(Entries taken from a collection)
════
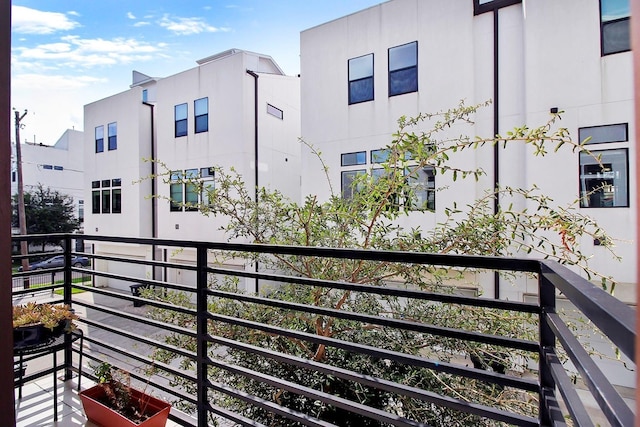 2205 Colorado St, Houston, TX 77007 - view of balcony
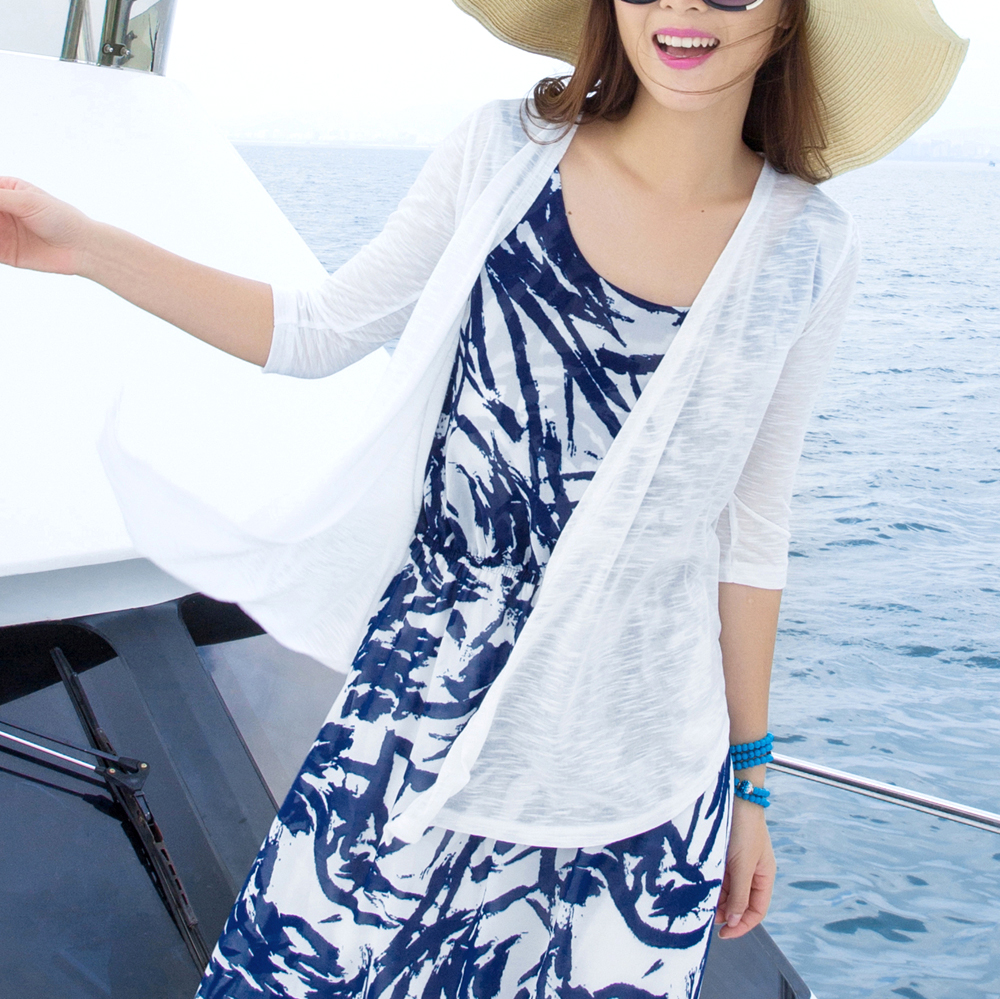 2017 spring and summer new thin women knitted sweater holiday sunset clothing bohemian big yards wild cardigan beach clothes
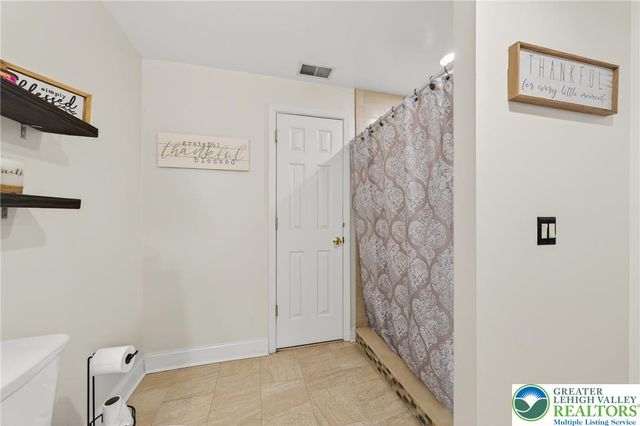 52 Olde Penn Drive, Easton, PA 18045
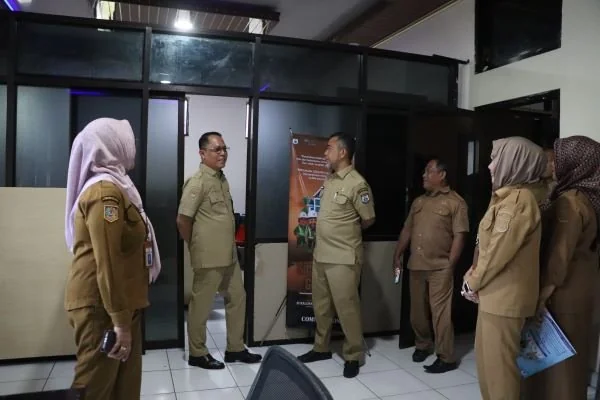 Sekretaris Daerah Provinsi Sulawesi Barat Junda Maulana saat melakukan sidak di OPD (dok:ist)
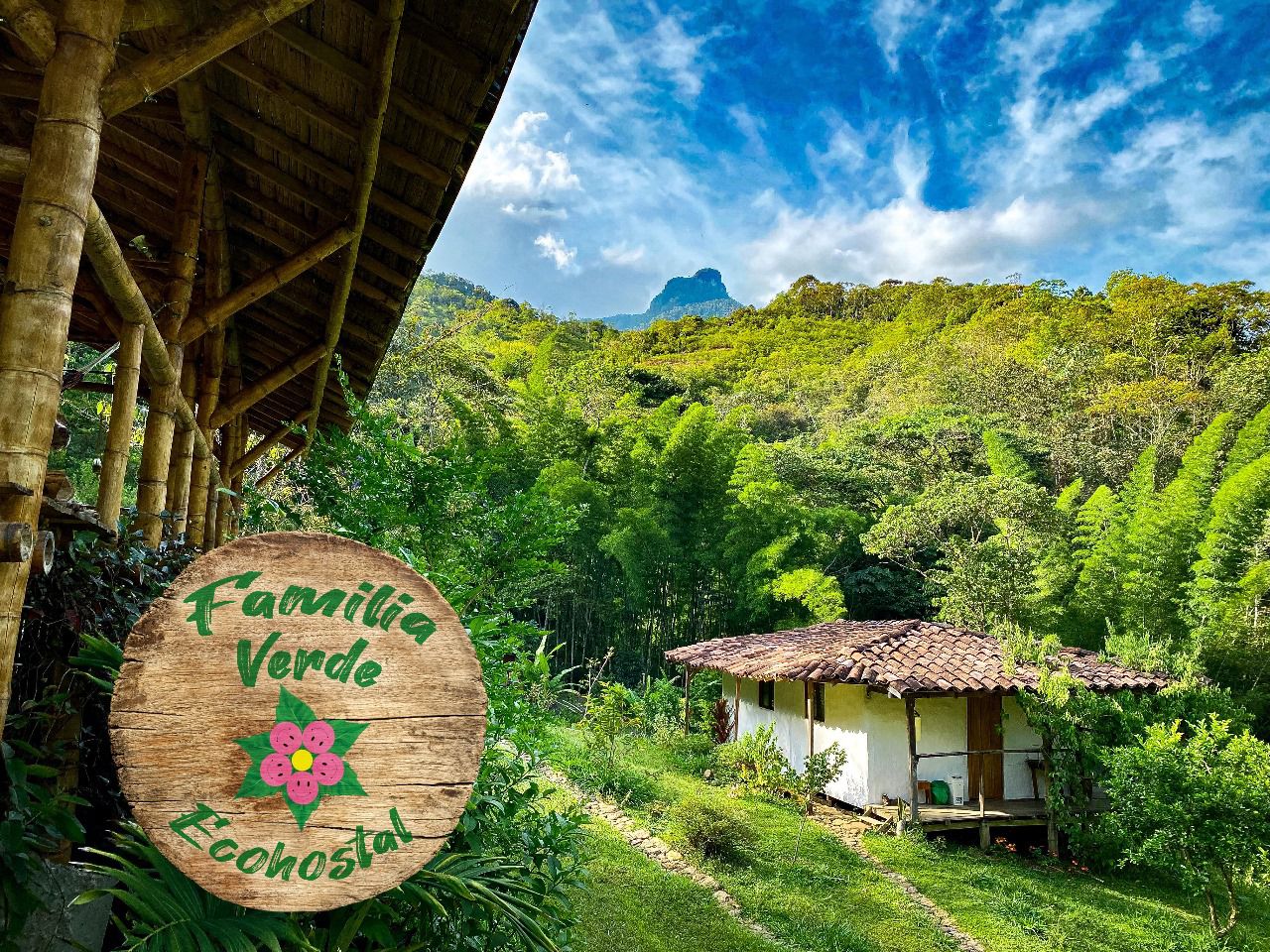 Familia Verde Eco Hostal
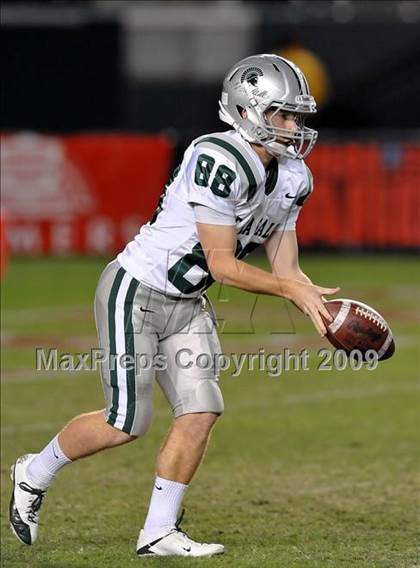 Thumbnail 3 in De La Salle vs. Crenshaw (CIF State Open Division Final) photogallery.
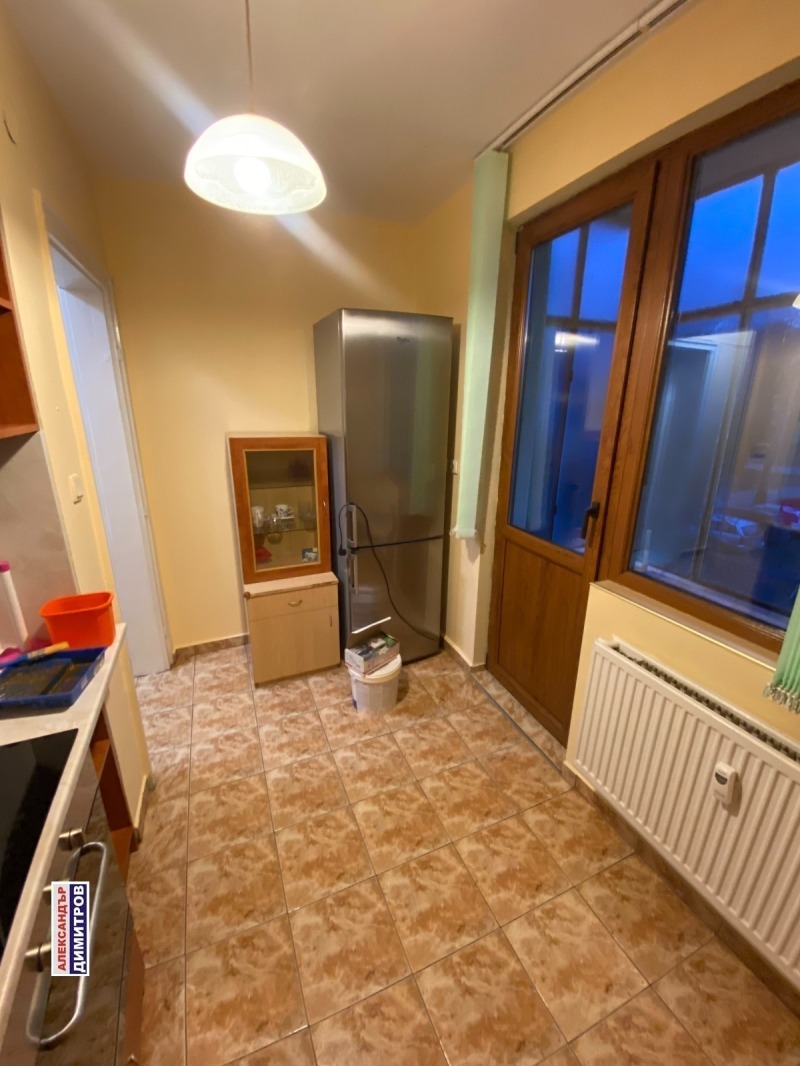 Te huur  1 slaapkamer Ruse , Vazrazjdane , 55 m² | 40512099 - afbeelding [4]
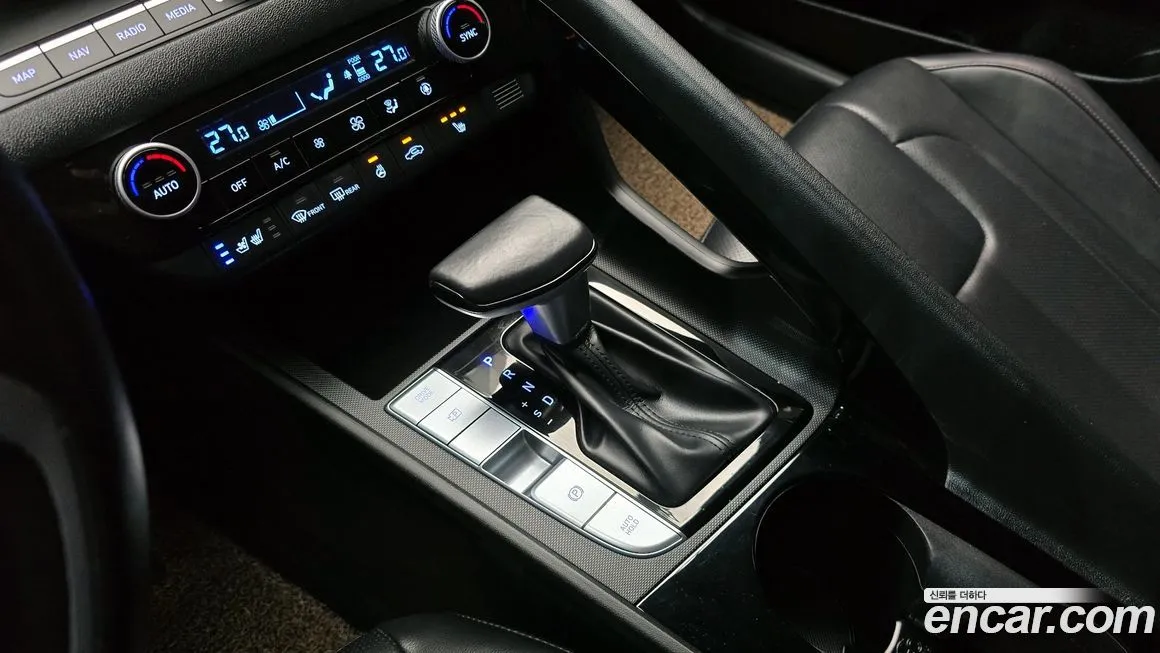 Hyundai AVANTE — фото 9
════
• [Exercise goal]:
Each record above goes into the copy word for word; the pictures do not.

• [Reply to the task]:
 2205 Colorado St, Houston, TX 77007 - view of balcony
 2017 spring and summer new thin women knitted sweater holiday sunset clothing bohemian big yards wild cardigan beach clothes
 52 Olde Penn Drive, Easton, PA 18045
 Sekretaris Daerah Provinsi Sulawesi Barat Junda Maulana saat melakukan sidak di OPD (dok:ist)
 Familia Verde Eco Hostal
 Thumbnail 3 in De La Salle vs. Crenshaw (CIF State Open Division Final) photogallery.
 Te huur  1 slaapkamer Ruse , Vazrazjdane , 55 m² | 40512099 - afbeelding [4]
 Hyundai AVANTE — фото 9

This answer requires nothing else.